» **INSTRUCTIONS FOR THE TASK**
Please return each of the entries exactly, minus their pictures.

» **GIVEN DATA**
══════════════════════════════

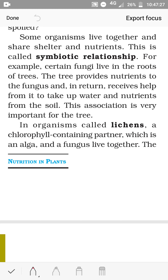Hello students, welcome to your biology class. We have almost come to the end of this chapter. In science, you have to make three copies — physics, chemistry, and biology — and the worksheets I have given, you have to do in that copy. Let us start today's lesson.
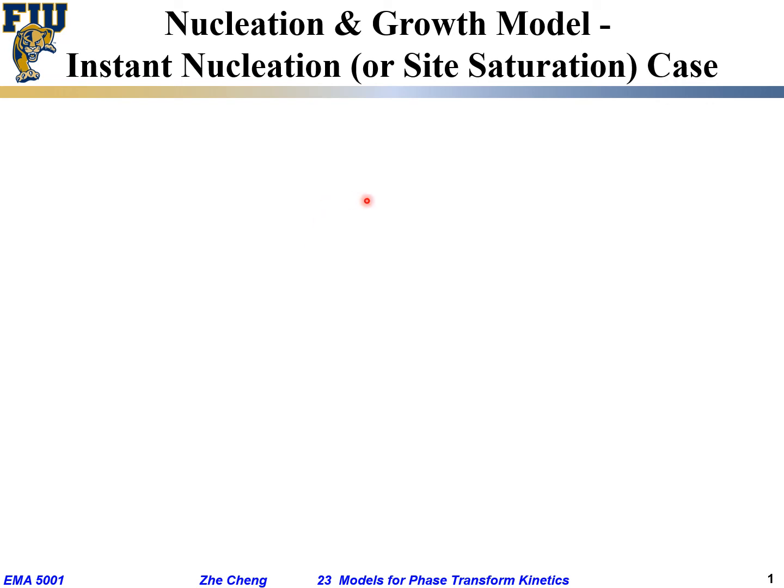We have talked about nucleation-growth type of kinetics, previously assuming a constant nucleation rate, which means per unit time per unit volume a fixed number of new nuclei are formed. Now let's look at a different scenario.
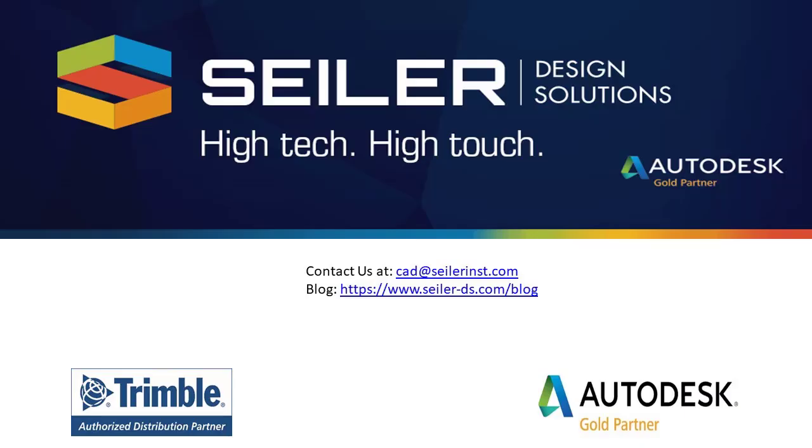If you have any questions, you may email me at mchenesk at siler-ds.com. Don't forget to follow us on our blog at www.siler-ds.com forward slash blog. And I hope you have a great day. Thank you very much.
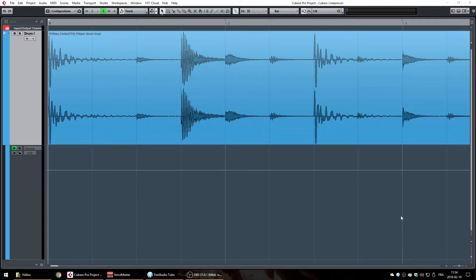Hello everyone. I want to give you my favorite tricks on how to make the most precise automation points in Cubase.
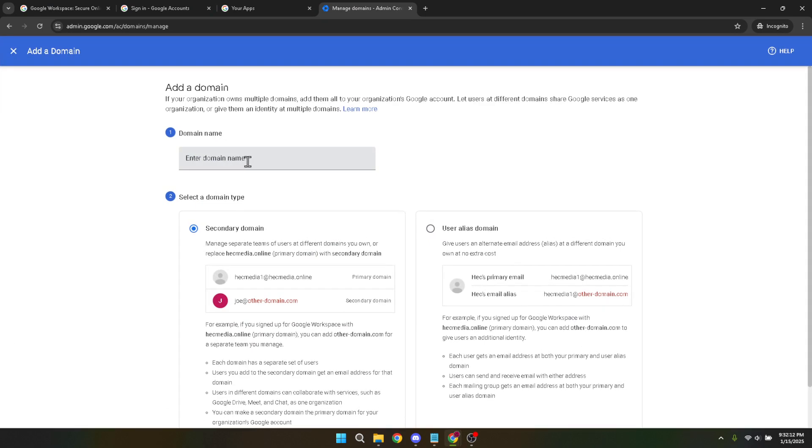After you click add a domain, a prompt will appear asking you to type in the domain name that you wish to add. Input your domain name exactly as you've registered it with your domain provider. Accuracy matters here to ensure a seamless connection.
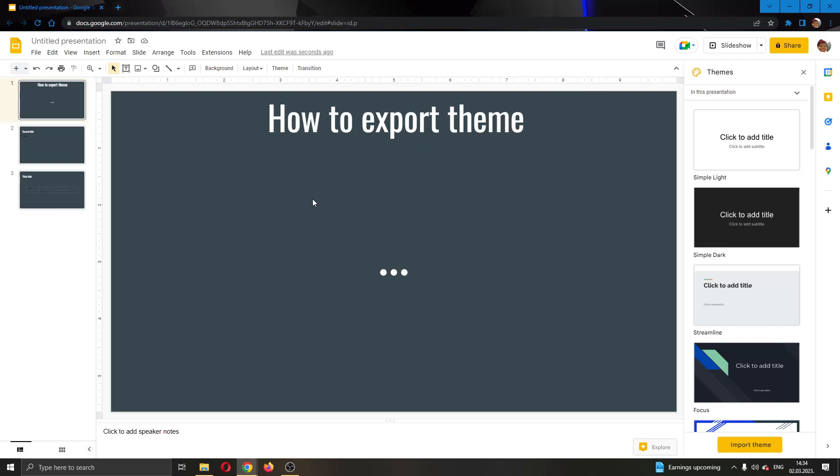You can do this yourself, so let's get straight into it. The first thing you want to do is go ahead to the official Google Slides website and log into your account. After logging into your account, you can go ahead and create a presentation. As you can see, I have already created a presentation right here.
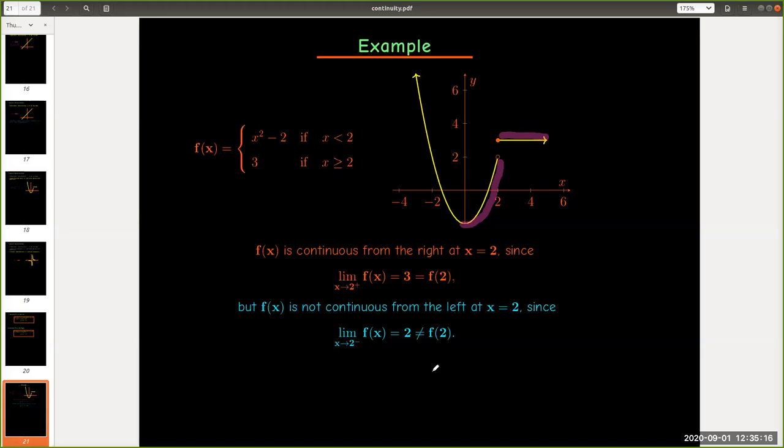Well, I hope you found this short video on continuous functions and continuity useful.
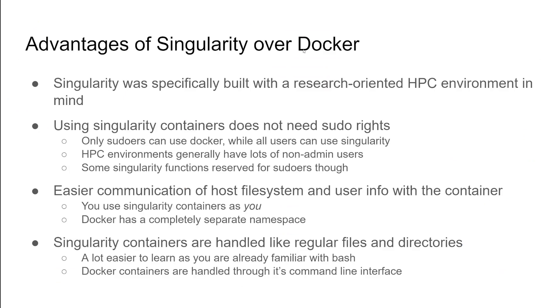So next slide, and there are differences. Docker is the most used container platform, but it's designed for different purposes. Singularity was specifically designed for research oriented HPC environments.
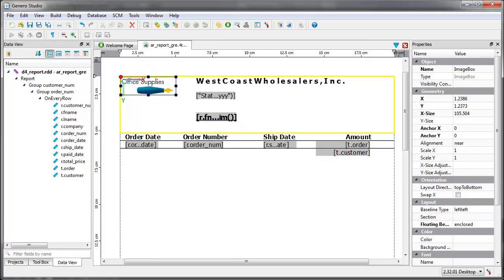The generic report writer allows you to write reports that have no formatting in the 4GL code, but instead just output a stream of XML data to the generic reporting engine.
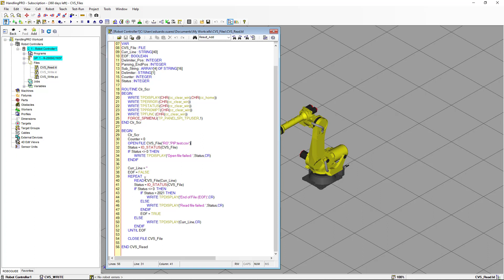Then we're going to use the READ instruction, which uses the file variable and returns a string when it reads data from the file. I'm going to use a string variable called CURRENT_LINE, which I've declared in the declaration section of the program — I made it big enough to hold 40 characters. You have to make sure the string variable is big enough to hold whatever you read from the line. The READ instruction reads one line at a time, so we need to use a REPEAT-UNTIL loop to read all the data from the file. The loop will finish when we reach the end of the file.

══════════════════════════════

» **EXERCISE OUTPUT**
Hello students, welcome to your biology class. We have almost come to the end of this chapter. In science, you have to make three copies — physics, chemistry, and biology — and the worksheets I have given, you have to do in that copy. Let us start today's lesson.
We have talked about nucleation-growth type of kinetics, previously assuming a constant nucleation rate, which means per unit time per unit volume a fixed number of new nuclei are formed. Now let's look at a different scenario.
If you have any questions, you may email me at mchenesk at siler-ds.com. Don't forget to follow us on our blog at www.siler-ds.com forward slash blog. And I hope you have a great day. Thank you very much.
Hello everyone. I want to give you my favorite tricks on how to make the most precise automation points in Cubase.
After you click add a domain, a prompt will appear asking you to type in the domain name that you wish to add. Input your domain name exactly as you've registered it with your domain provider. Accuracy matters here to ensure a seamless connection.
You can do this yourself, so let's get straight into it. The first thing you want to do is go ahead to the official Google Slides website and log into your account. After logging into your account, you can go ahead and create a presentation. As you can see, I have already created a presentation right here.
Well, I hope you found this short video on continuous functions and continuity useful.
So next slide, and there are differences. Docker is the most used container platform, but it's designed for different purposes. Singularity was specifically designed for research oriented HPC environments.
The generic report writer allows you to write reports that have no formatting in the 4GL code, but instead just output a stream of XML data to the generic reporting engine.
Then we're going to use the READ instruction, which uses the file variable and returns a string when it reads data from the file. I'm going to use a string variable called CURRENT_LINE, which I've declared in the declaration section of the program — I made it big enough to hold 40 characters. You have to make sure the string variable is big enough to hold whatever you read from the line. The READ instruction reads one line at a time, so we need to use a REPEAT-UNTIL loop to read all the data from the file. The loop will finish when we reach the end of the file.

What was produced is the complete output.